Could someone explain the 4th type of pointer to me, and verify that my understanding of the other types is correct? I'd also appreciate anyone pointing out any common use cases that I haven't mentioned.
First of all, all of the items you listed are really different things, even if they are related to pointers. Box is a library-defined smart pointer type; ref is a syntax for pattern matching; & is a reference operator, doubling as a sigil in reference types; * is a dereference operator, doubling as a sigil in raw pointer types. See below for more explanation.
There are four basic pointer types in Rust which can be divided in two groups - references and raw pointers:
&T - immutable (shared) reference
&mut T - mutable (exclusive) reference
*const T - immutable raw pointer
*mut T - mutable raw pointer
The difference between the last two is very thin, because either can be cast to another without any restrictions, so const/mut distinction there serves mostly as a lint. Raw pointers can be created freely to anything, and they also can be created out of thin air from integers, for example.

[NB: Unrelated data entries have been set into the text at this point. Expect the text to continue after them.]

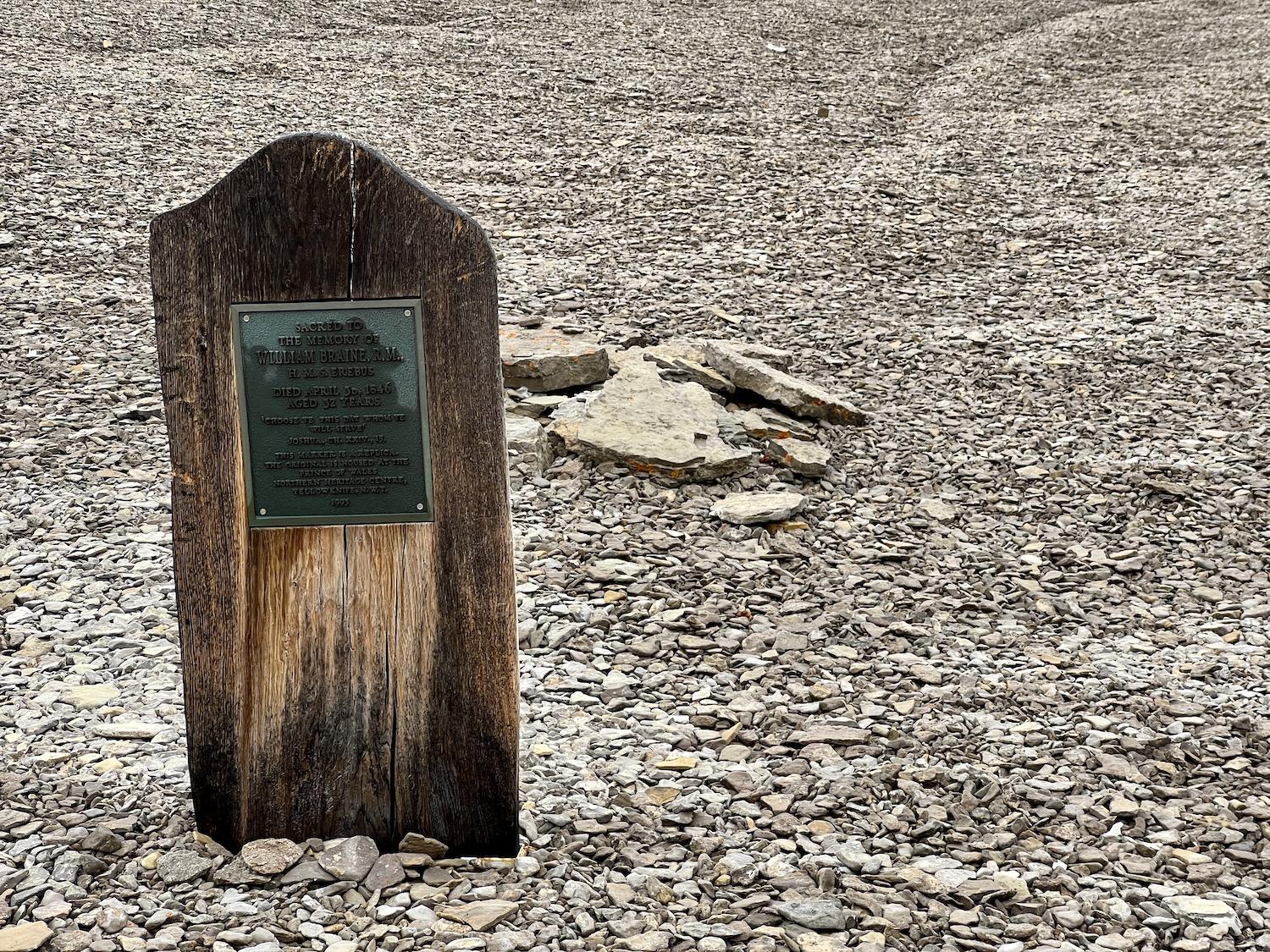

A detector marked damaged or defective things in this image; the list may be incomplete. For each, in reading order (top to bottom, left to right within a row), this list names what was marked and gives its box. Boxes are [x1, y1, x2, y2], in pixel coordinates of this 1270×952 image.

broken slate fragment [500, 325, 610, 391]
broken slate fragment [701, 340, 869, 421]
broken slate fragment [574, 360, 752, 485]
broken slate fragment [711, 495, 808, 526]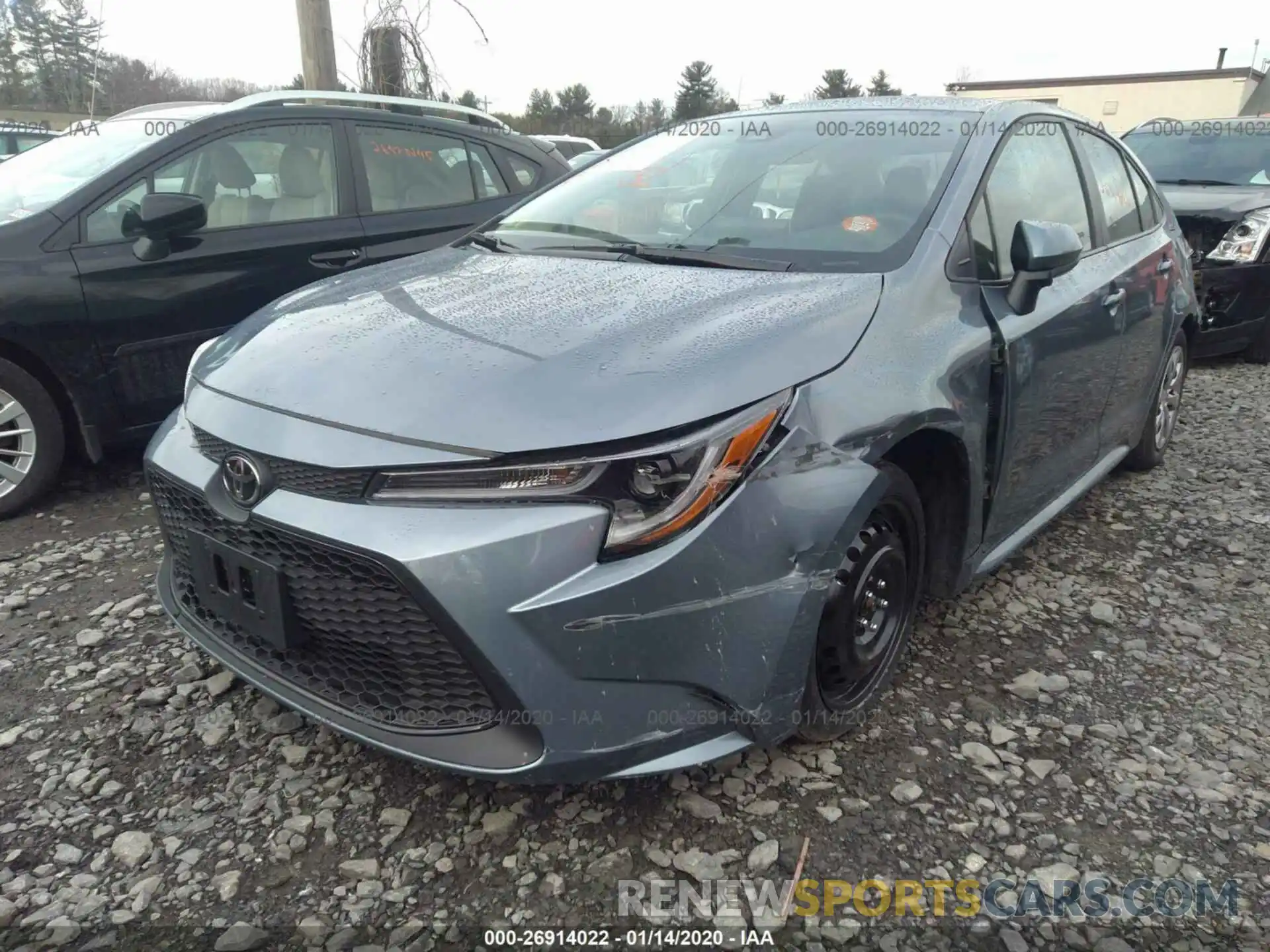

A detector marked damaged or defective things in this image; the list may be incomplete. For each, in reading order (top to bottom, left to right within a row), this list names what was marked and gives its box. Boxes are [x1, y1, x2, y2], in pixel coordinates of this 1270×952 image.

cracked headlight [1206, 209, 1270, 264]
cracked headlight [368, 391, 788, 558]
missing front license plate [185, 529, 307, 656]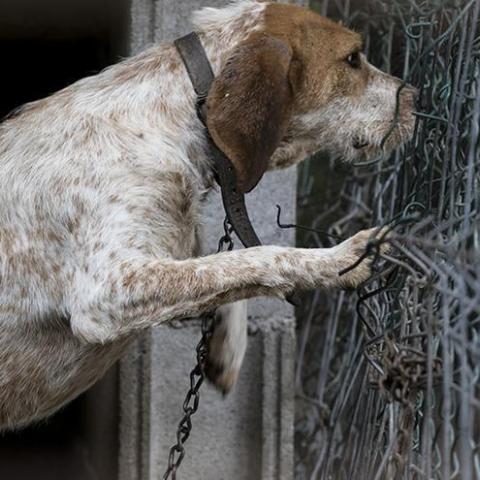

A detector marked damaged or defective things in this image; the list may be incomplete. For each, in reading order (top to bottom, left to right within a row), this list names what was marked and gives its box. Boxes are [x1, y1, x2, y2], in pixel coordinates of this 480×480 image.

rusty wire [294, 0, 478, 478]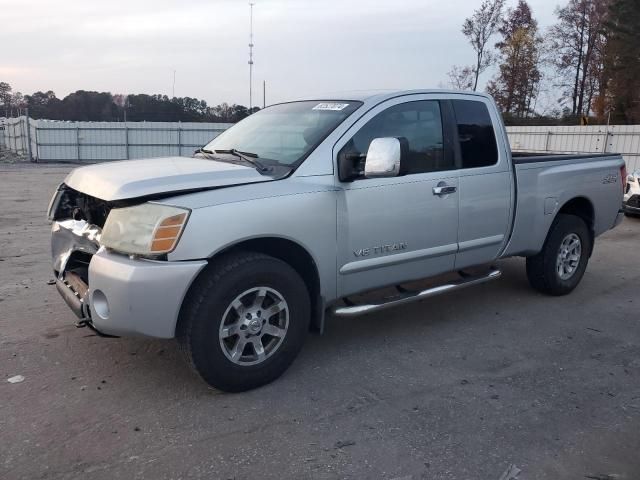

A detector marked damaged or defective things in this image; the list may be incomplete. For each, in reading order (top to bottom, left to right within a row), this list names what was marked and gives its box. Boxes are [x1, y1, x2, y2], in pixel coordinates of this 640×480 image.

damaged front bumper [54, 220, 208, 338]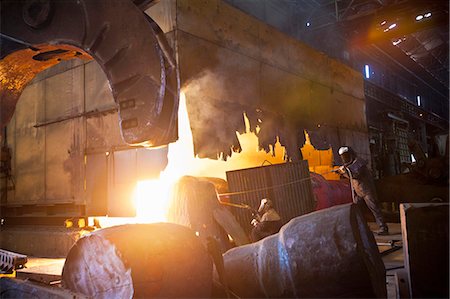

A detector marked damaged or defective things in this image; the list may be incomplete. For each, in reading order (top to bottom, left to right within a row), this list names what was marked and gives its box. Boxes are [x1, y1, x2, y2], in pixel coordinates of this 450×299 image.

rusted steel surface [0, 0, 178, 148]
rusted steel surface [169, 176, 251, 251]
rusted steel surface [227, 162, 314, 237]
rusted steel surface [0, 248, 27, 274]
rusted steel surface [61, 224, 213, 298]
rusted steel surface [223, 205, 384, 298]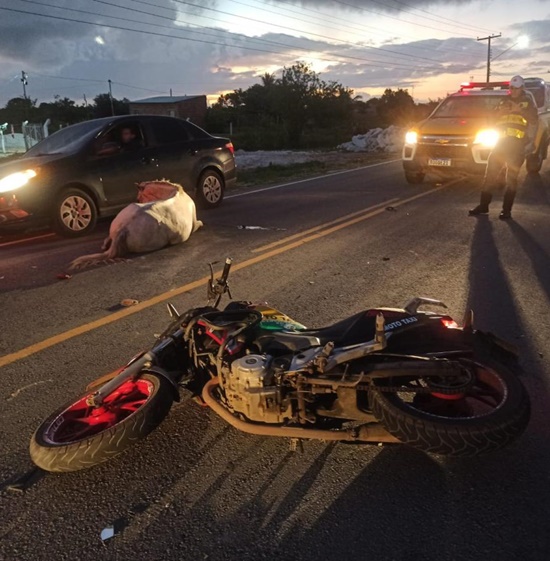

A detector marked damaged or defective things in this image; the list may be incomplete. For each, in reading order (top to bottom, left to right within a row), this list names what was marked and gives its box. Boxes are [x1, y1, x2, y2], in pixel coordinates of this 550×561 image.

crashed motorcycle [30, 260, 532, 470]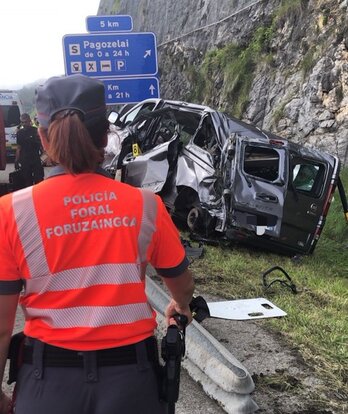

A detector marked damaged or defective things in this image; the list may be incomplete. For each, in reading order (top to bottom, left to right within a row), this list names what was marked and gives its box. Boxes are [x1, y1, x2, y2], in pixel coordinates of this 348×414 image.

severely damaged van [104, 100, 346, 256]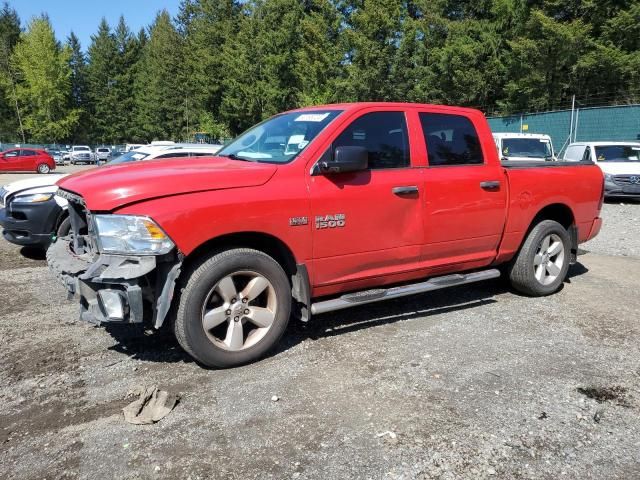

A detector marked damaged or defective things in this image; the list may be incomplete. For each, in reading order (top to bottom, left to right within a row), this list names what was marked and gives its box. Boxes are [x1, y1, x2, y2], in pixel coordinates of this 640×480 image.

damaged front end [46, 189, 181, 328]
crumpled front bumper [47, 236, 180, 326]
broken headlight assembly [91, 216, 174, 256]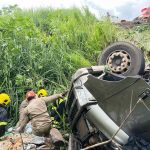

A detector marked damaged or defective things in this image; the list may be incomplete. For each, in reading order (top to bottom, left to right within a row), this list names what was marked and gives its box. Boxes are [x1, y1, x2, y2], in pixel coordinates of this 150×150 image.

overturned vehicle [66, 41, 150, 149]
rusty metal part [106, 50, 130, 74]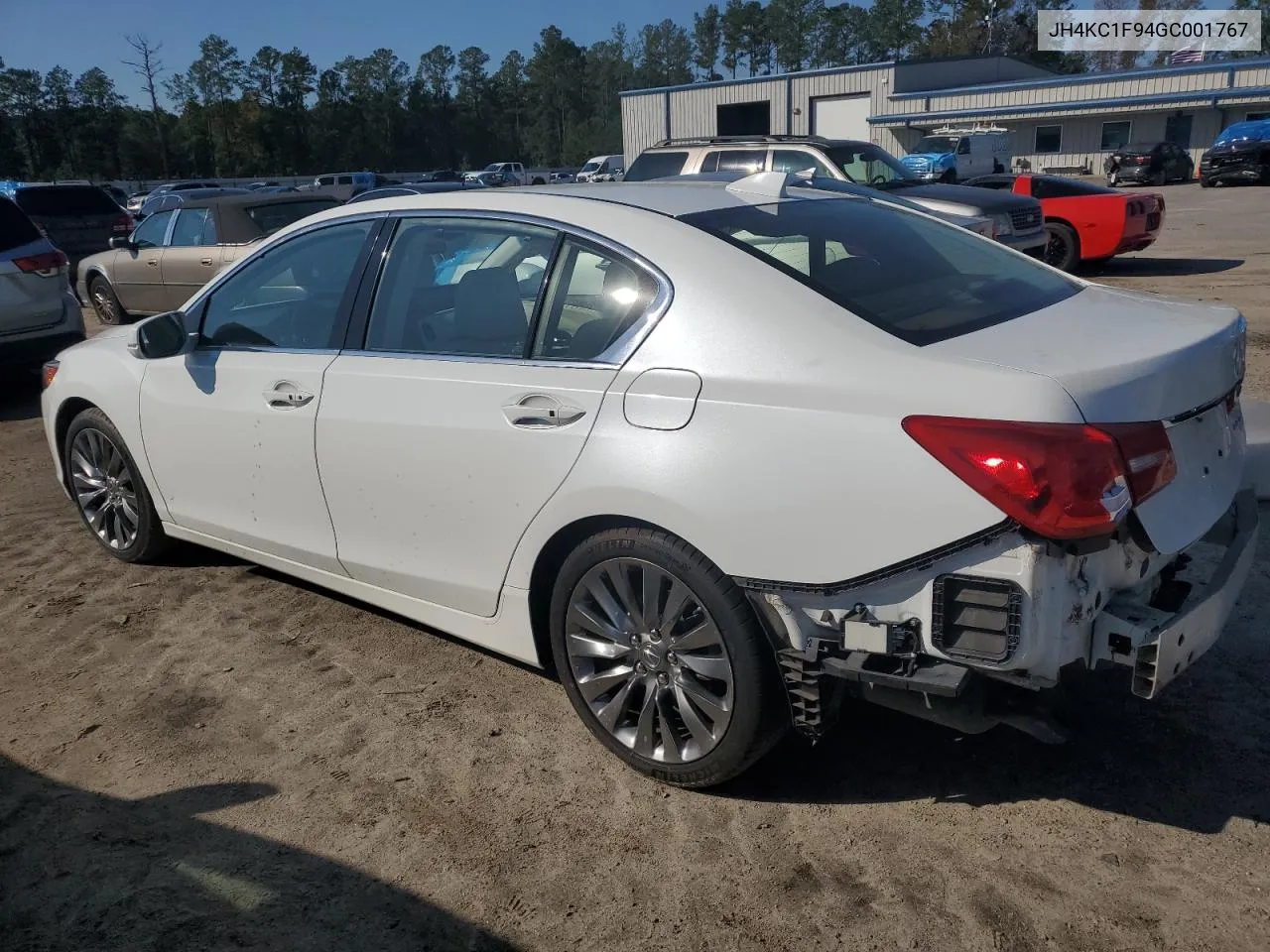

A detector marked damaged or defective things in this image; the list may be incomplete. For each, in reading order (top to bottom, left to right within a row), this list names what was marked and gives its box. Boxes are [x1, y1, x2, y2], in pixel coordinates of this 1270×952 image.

broken bumper cover [1091, 492, 1259, 700]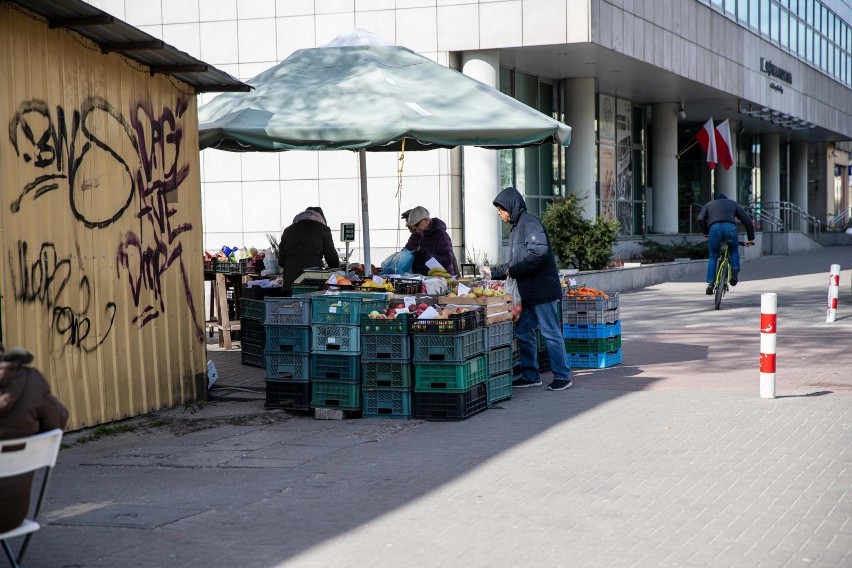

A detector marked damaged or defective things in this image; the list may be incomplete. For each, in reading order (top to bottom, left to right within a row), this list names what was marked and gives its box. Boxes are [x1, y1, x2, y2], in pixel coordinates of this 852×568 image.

Naturally, this is not so for references - reference types and their interaction define one of the key feature of Rust: borrowing. References have a lot of restrictions on how and when they could be created, how they could be used and how they interact with each other. In return, they can be used without unsafe blocks. What borrowing is exactly and how it works is out of scope of this answer, though.
Both references and raw pointers can be created using & operator:
let x: u32 = 12;
let ref1: &u32 = &x;
let raw1: *const u32 = &x;
let ref2: &mut u32 = &mut x;
let raw2: *mut u32 = &mut x;
Both references and raw pointers can be dereferenced using * operator, though for raw pointers it requires an unsafe block:
*ref1; *ref2;
unsafe { *raw1; *raw2; }
The dereference operator is often omitted, because another operator, the "dot" operator (i.e., .), automatically references or dereferences its left argument. So, for example, if we have these definitions:
struct X { n: u32 };
impl X {
fn method(&self) -> u32 { self.n }
}
then, despite that method() takes self by reference, self.n automatically dereferences it, so you won't have to type (*self).n. Similar thing happens when method() is called:
let x = X { n: 12 };
let n = x.method();
Here, the compiler automatically references x in x.method(), so you won't have to write (&x).method().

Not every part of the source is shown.